17. Chapter 17
17
“ T his isn’t a request!” Rebecca barked, fighting back the urge to haul the gnome out herself, regardless of the fact that it would technically count as a civilian abduction. “You’re coming with us, and we’re leaving now .”
“What the hell for?” Bruce shrieked, throwing his hands up in exasperation.
By the Blood, how many times did she have to go over this with him before it finally sank in?
“To keep you safe,” she said. “Again, if we hadn’t gotten here in time, you’d be as dead right now as the other bodies littered all over your property. We can’t effectively protect you from another assault if you stay here, but we can keep you safe and alive under protective custody at Shade Headquarters.”
“No! Absolutely not. That’s ludicrous. This whole thing is completely insane!”
“I won’t argue with you there,” she said. “But that doesn’t change what needs to happen next. We need to go.”
“And just leave my home and everything I’ve built here? All my things? My business?”

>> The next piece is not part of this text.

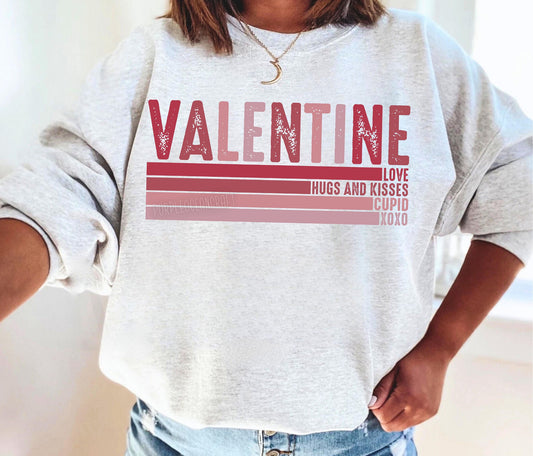 VALENTINE Stacked   DTF Transfer Design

“Doesn’t look like there’s much of a home left…”
“I won’t do it!” The gnome defiantly stomped his foot and folded his arms, making it even more frustrating when he lifted his chin as if that settled it. “You can’t make me do anything against my will. I don’t even know you people.”
“Our working relationship was reliable enough for you to sell us your tech.”

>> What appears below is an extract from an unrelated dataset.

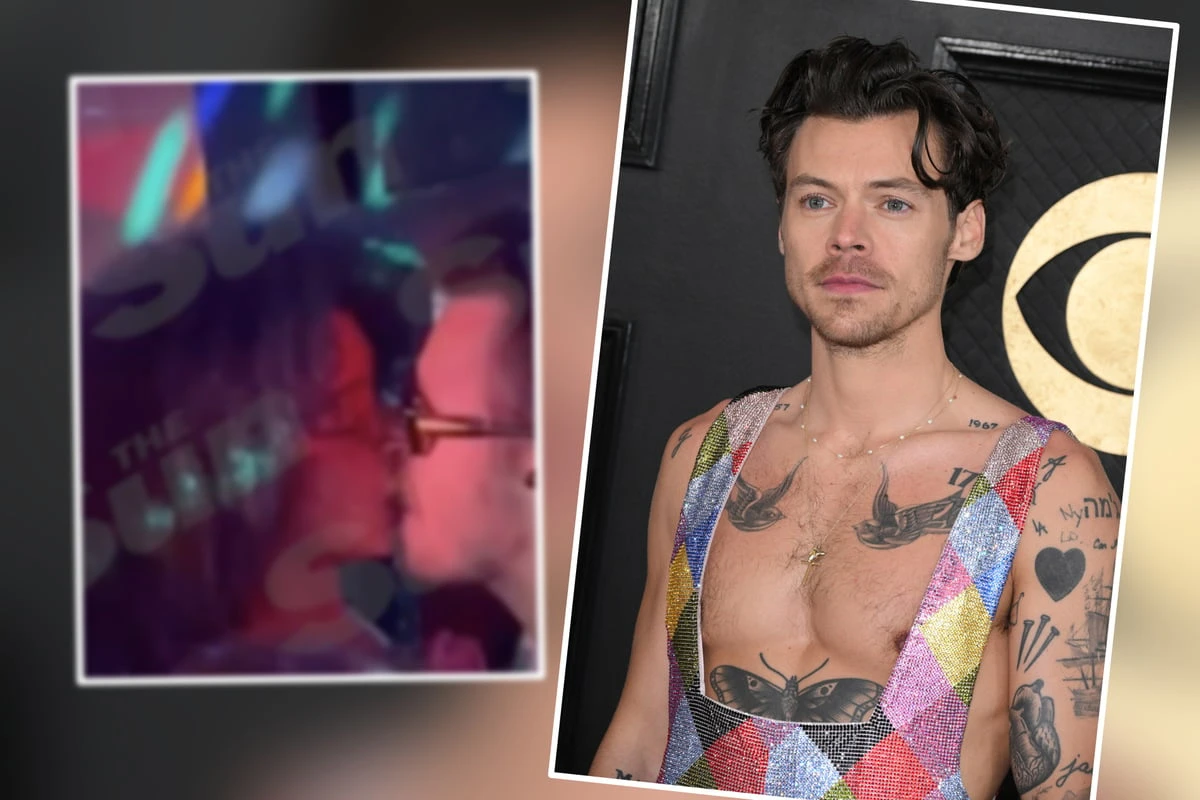 Heißer Kuss bei Festival: Mit wem turtelt Harry Styles hier?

“Lady, none of this has anything to do with tech! Look what you did to my home !”
Rebecca really didn’t want this to get ugly, but the gnome wasn’t giving her much of a choice.
Before she let her frustration overpower her and did something stupid she’d regret, she turned around with an exasperated sigh, meaning to ask the rest of her team for advice.
Maxwell was already storming toward her, a vicious snarl curling his lips.
Then he blew right past her and charged toward Bruce, stopping last-minute to loom over the gnome like a shadow of death.
The shifter swiped at Bruce’s shirt collar with one hand and lifted the guy off the ground by the handful of gnome’s shirt clenched in his fist.
“What the—”
“Do you want to live?” Maxwell roared in the gnome’s face. “Or would you prefer to stay here in the broken remains of your old life and die anyway? Those are your only options.”
Bruce stammered and struggled in Maxwell’s hold, clawing at the shifter’s fist around his shirt in a failed effort to free himself.
The struggle didn’t last long before the gnome gave up with a massive sigh and dropped his hands to both sides. As he dangled in Maxwell’s grip, the truth of his situation finally seemed to sink in. “No. I don’t want to die.”
The shifter cocked an ear toward him. “What was that?”
“I want to live!”
“Good answer.” Maxwell lowered the gnome to the ground, then stepped back with another growl to give him space. “If you wish to leave on your feet, I suggest you start moving now.”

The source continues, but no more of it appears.